Situated language interaction is a complex, multimodal affair that extends well beyond the spoken word. When interacting, we use a wide array of non-verbal signals and incrementally coordinate with each other to simultaneously resolve several problems: we manage engagement, coordinate on taking turns, recognize intentions, and establish and maintain common ground as a basis for contributing to the conversation. Proximity and body pose, attention and gaze, head nods and hand gestures, prosody and facial expressions, all play very important roles in this process. And just like a couple of decades ago advances in speech recognition opened up the field of spoken dialog systems, current advances in vision and other perceptual technologies are again opening up new horizons — we are starting to be able to build machines that computationally understand these social signals and the physical world around them, and participate in physically situated interactions and collaborations with people.
In this talk, using a number of research vignettes from work we have done over the last decade at Microsoft Research, I will draw attention to some of the challenges and opportunities that lie ahead of us in this exciting space. In particular, I will discuss issues with managing engagement and turn-taking in multiparty open-world settings, and more generally highlight the importance of timing and fine-grained coordination in situated language interaction. Finally, I will conclude by describing an open-source framework we are developing that promises to simplify the construction of physically situated interactive systems, and in the process further enable and accelerate research in this area.

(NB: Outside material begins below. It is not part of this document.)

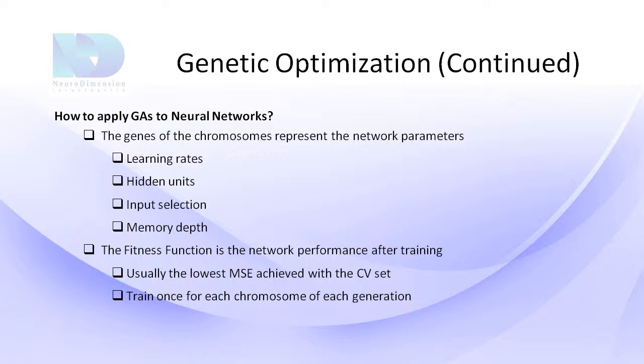You can also add genetic optimization to NeuroSolutions' breadboard directly by stamping down the genetic control component on the breadboard. For this video, we're going to quickly show how to enable genetic optimization in each of the wizards in NeuroSolutions.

Dan Bohus is a Senior Principal Researcher in the Perception and Interaction Group at Microsoft Research. His work centers on the study and development of computational models for physically situated spoken language interaction and collaboration. The long term question that shapes his research agenda is how can we enable interactive systems to reason more deeply about their surroundings and seamlessly participate in open-world, multiparty dialog and collaboration with people? Prior to joining Microsoft Research, Dan obtained his Ph.D. from Carnegie Mellon University.